**YOUR ASSIGNMENT**
Could you repeat the records below exactly, leaving out any pictures?

☆ ☆ ☆ ☆ ☆ ☆ ☆

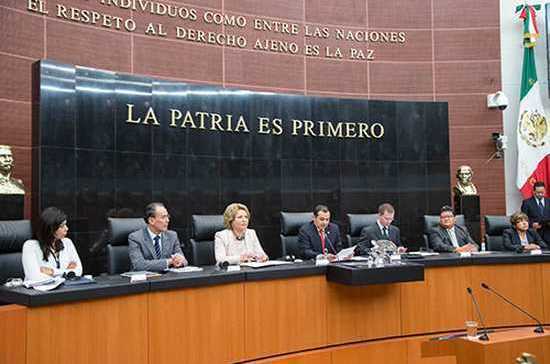 Россия возвращается в Латинскую Америку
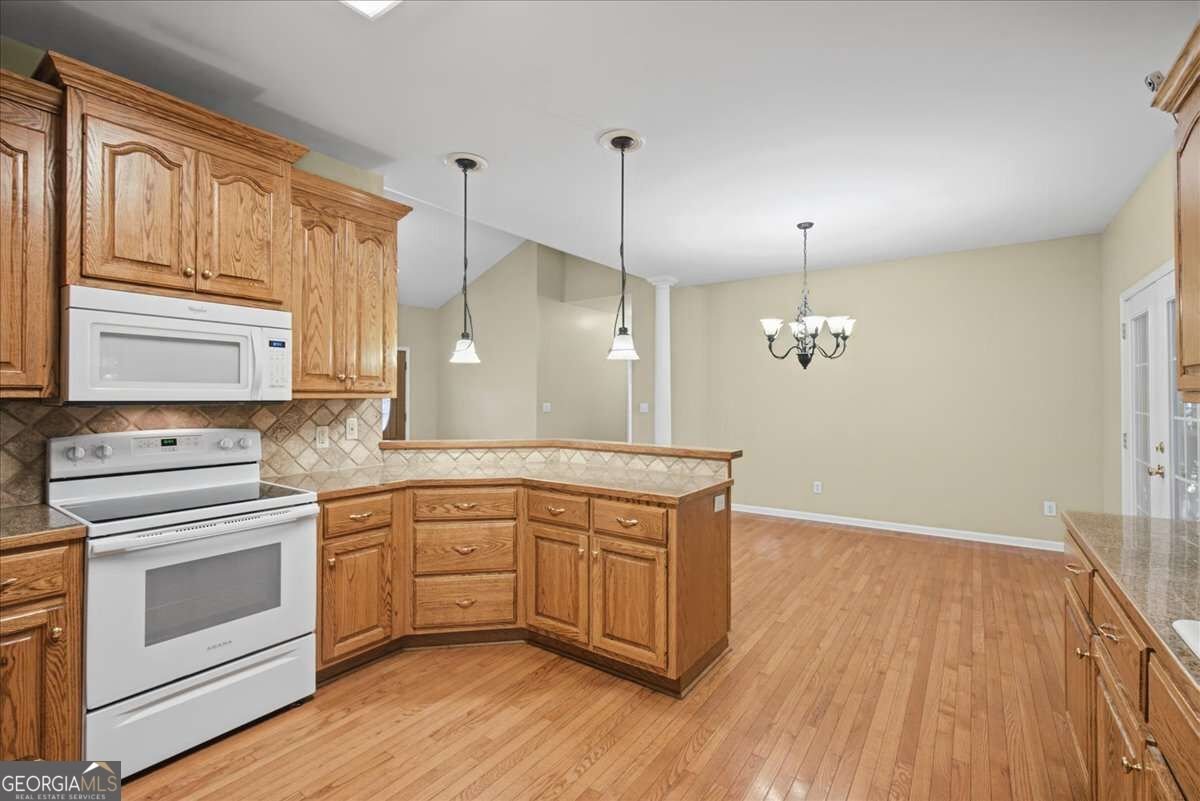 964 Sugar Valley Road Cartersville - Photo 13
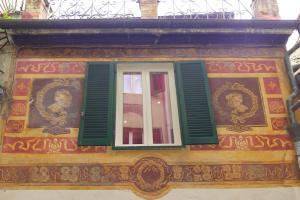 Φωτογραφία από το άλμπουμ του Puccini fresco - Appartamento Lucca Centro WiFi AirC Netflix στη Λούκα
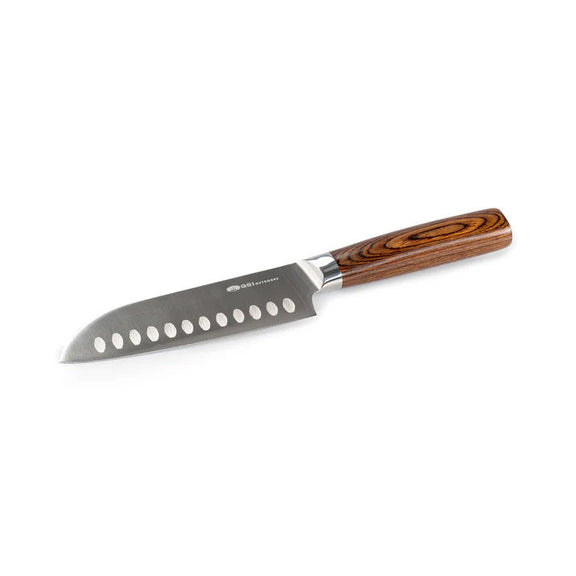 RAKAU KNIV CHEF KNIFE | GSI – Fangstmann.no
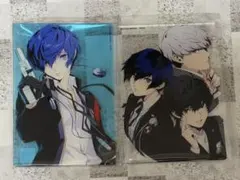 Item thumbnail for item 4f064804-c1c3-4205-b797-c1aa15634554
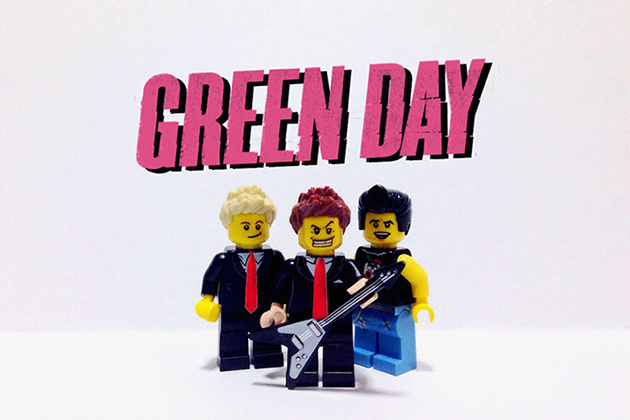 20-Famous-Bands-Recreated-in-LEGO-4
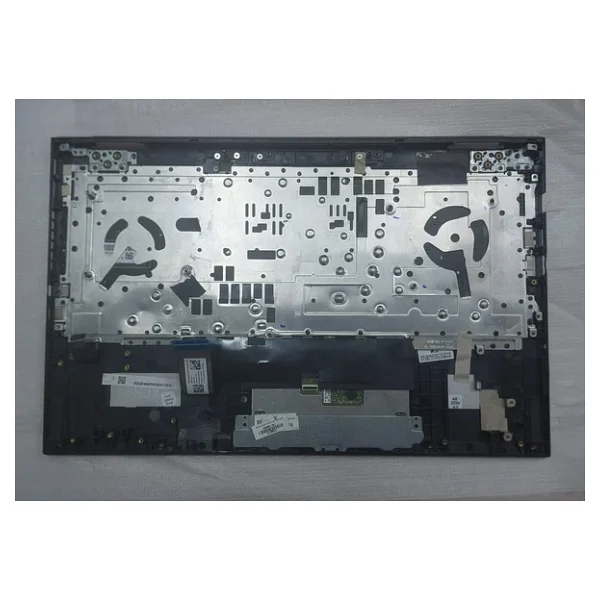 Hp Omen 15-En0004nt Klavye Kasa - Görsel 5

☆ ☆ ☆ ☆ ☆ ☆ ☆

**REPLY TO THE TASK**
 Россия возвращается в Латинскую Америку
 964 Sugar Valley Road Cartersville - Photo 13
 Φωτογραφία από το άλμπουμ του Puccini fresco - Appartamento Lucca Centro WiFi AirC Netflix στη Λούκα
 RAKAU KNIV CHEF KNIFE | GSI – Fangstmann.no
 Item thumbnail for item 4f064804-c1c3-4205-b797-c1aa15634554
 20-Famous-Bands-Recreated-in-LEGO-4
 Hp Omen 15-En0004nt Klavye Kasa - Görsel 5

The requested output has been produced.